Your answer should consist only of the lines below from the one with "Beige or cream color rose flower" through the one with "Young one of", copied exactly.

──────── Provided information

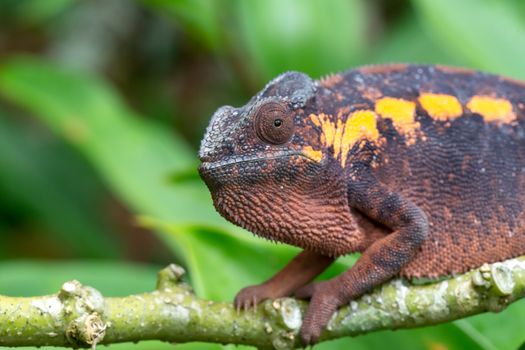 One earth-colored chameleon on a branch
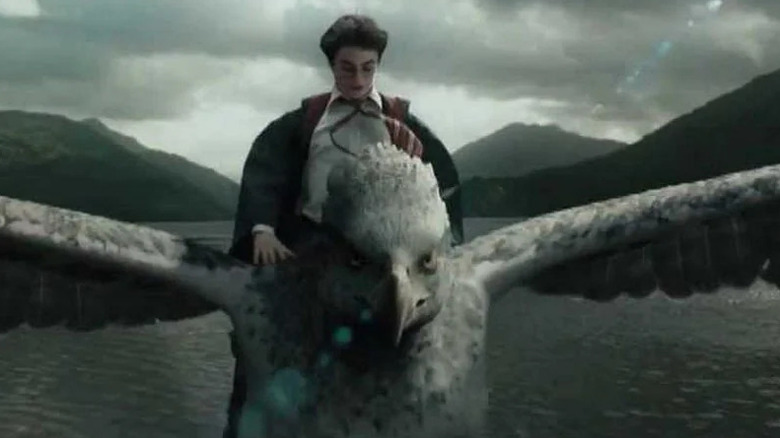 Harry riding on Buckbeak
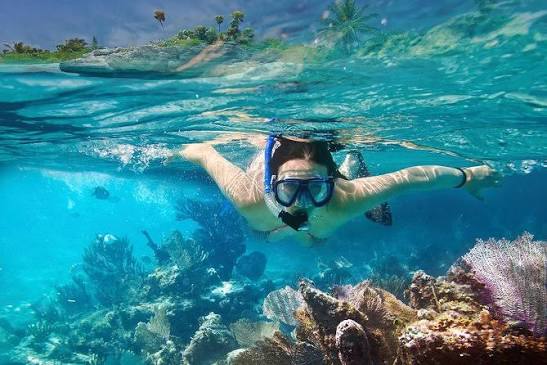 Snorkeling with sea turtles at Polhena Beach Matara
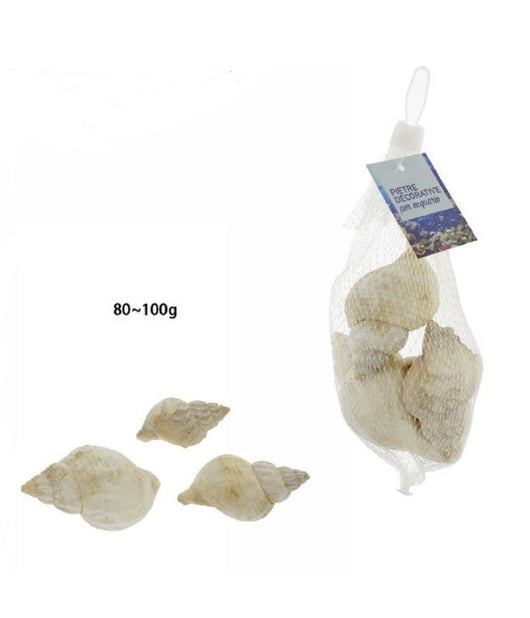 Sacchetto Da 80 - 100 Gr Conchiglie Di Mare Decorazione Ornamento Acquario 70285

────────────────
──────── Provided information

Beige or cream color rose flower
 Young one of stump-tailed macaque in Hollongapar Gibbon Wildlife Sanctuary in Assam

────────────────
──────── Provided information

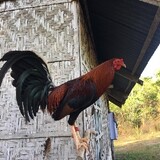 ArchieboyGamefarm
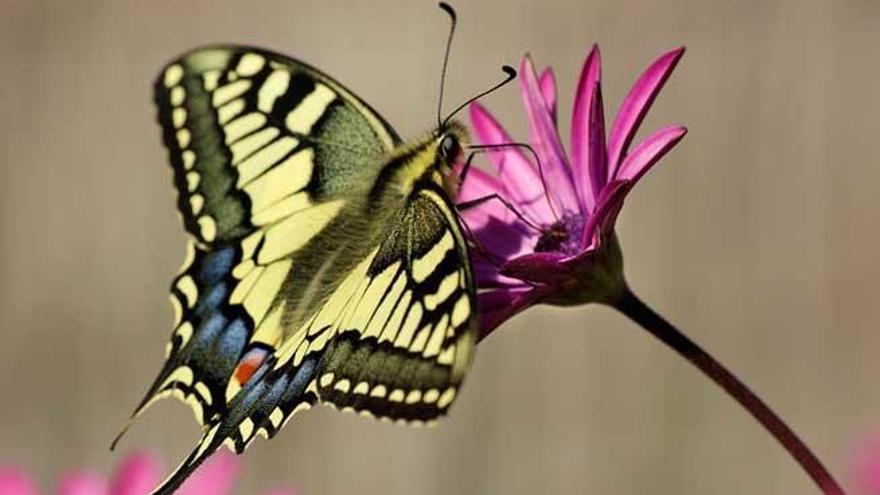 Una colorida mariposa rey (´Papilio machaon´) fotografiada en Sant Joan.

────────────────

- Reply to the exercise -
Beige or cream color rose flower
 Young one of stump-tailed macaque in Hollongapar Gibbon Wildlife Sanctuary in Assam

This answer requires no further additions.